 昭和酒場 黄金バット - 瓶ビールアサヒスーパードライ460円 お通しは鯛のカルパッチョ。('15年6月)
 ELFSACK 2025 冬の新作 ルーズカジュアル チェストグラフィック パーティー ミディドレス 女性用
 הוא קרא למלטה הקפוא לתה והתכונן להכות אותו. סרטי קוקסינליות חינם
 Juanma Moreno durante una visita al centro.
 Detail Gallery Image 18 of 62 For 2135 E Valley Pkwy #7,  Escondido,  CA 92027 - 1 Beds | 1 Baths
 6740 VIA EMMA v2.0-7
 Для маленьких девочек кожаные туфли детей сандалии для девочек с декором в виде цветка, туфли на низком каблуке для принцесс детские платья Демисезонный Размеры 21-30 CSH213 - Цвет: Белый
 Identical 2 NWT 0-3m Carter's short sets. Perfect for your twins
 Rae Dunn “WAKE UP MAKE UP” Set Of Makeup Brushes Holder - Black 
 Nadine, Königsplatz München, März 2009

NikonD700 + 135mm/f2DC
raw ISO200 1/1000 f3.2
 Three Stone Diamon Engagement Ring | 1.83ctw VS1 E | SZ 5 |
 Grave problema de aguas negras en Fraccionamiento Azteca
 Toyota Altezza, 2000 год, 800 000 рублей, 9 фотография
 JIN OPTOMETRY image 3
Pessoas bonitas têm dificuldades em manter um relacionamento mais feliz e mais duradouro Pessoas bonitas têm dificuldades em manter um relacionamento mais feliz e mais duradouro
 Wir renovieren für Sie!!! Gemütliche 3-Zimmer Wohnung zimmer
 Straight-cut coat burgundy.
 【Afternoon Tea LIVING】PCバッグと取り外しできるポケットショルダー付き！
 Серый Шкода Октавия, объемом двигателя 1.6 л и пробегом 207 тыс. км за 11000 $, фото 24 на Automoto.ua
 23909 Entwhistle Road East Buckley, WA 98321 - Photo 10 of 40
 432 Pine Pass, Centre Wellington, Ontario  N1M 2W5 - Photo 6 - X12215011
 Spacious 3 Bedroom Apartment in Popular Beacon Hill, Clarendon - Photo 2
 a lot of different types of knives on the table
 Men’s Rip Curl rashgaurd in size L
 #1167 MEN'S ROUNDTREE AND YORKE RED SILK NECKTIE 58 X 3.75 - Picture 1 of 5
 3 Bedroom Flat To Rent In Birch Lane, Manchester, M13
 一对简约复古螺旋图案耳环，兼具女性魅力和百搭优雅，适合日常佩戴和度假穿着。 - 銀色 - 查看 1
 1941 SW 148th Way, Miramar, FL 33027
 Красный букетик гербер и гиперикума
——————————
Assigned task: Look through the data above for the word "Bedroom". Report each line where it occurs.

Result below:
 Spacious 3 Bedroom Apartment in Popular Beacon Hill, Clarendon - Photo 2
 3 Bedroom Flat To Rent In Birch Lane, Manchester, M13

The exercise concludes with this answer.